Anche Giovanni della pizzeria Slurp, che si è ritrovato il dehors completamente murato dalle transenne, conviene che forse era il caso di chiudere per ferie. Un malcontento condiviso da molti. Federico, della catena Grom, non usa mezzi termini: “Mercoledì e giovedì è andata malissimo. La gente che paga il biglietto poi non consuma all’interno. Il risultato è che noi lavoriamo poco o niente”. Perfino i negozi non legati alla ristorazione si sentono penalizzati.

Che sia dentro o fuori il perimetro del festival, sembra che le difficoltà riguardino entrambe le situazioni. Giovanna, del bar gelateria Panna & Caffè, si trova appena oltre le transenne e racconta: “Ho sentito tante lamentele. Venerdì sera mi aspettavo più gente. Tante persone mi dicono che preferiscono la versione originale del Buskers, quella aperta e gratuita”.

Tanta delusione anche tra gli espositori di artigianato e oggettistica in Corso Porta Reno. Posizionati fuori dall’ingresso del festival, raccontano di essere stati mal informati sulle aree assegnate e di essersi ritrovati tagliati fuori dalla festa: “Al prezzo che abbiamo pagato per essere qua, che è lo stesso di altre fiere importanti, avremmo dovuto guadagnare abbondantemente. Qui invece non ho mai incassato così poco”.

Qualcuno confessa che venerdì sera ha registrato una sola vendita, altri giovedì hanno chiuso con appena 30 euro in cassa. Molti di loro hanno dovuto sostenere anche le spese dell’alloggio: “Ci abbiamo solo perso”. Il sentimento è unanime: “Se l’anno prossimo sarà ancora gestito così, certamente non torneremo”.

C’è poi chi, al contrario, sabato, la giornata che ha visto più ingressi, ha lavorato bene. Un’esercente sottolinea però che per tenere testa ai food truck posizionati accanto al suo locale ha dovuto abbassare i prezzi di birra alla spina e panini: una scelta forzata, che riduce ulteriormente i margini.

Un altro paradosso lo sottolinea ancora Tieghi: “Quando i buskers terminano, attorno a mezzanotte, finalmente arrivano i clienti. Peccato che a quell’ora io stia già chiudendo.

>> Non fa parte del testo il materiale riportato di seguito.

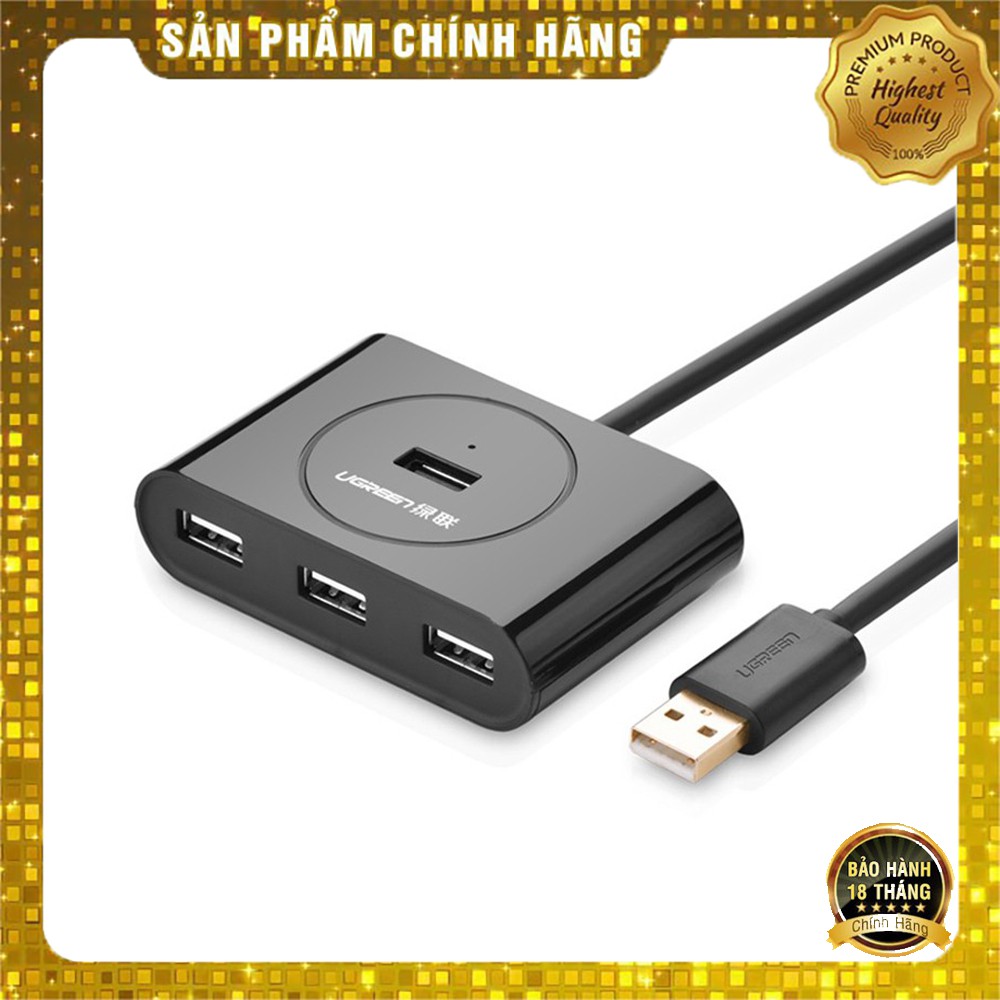 Cáp mở rộng USB 2.0 UGREEN 20212 dài 5M chia USB 4 cổng  - HapuStore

Li accolgo comunque volentieri, ma questo non può essere il modello per far lavorare i commercianti”.

In sintesi, il bilancio di questo nuovo format non è positivo per il commercio locale, che sembra esserne rimasto più vittima che beneficiario. L’appello di tutti gli esercenti resta comunque quello di essere ascoltati e maggiormente coinvolti nell’organizzazione, onde evitare che le proteste rischino di farsi sentire più forte della musica.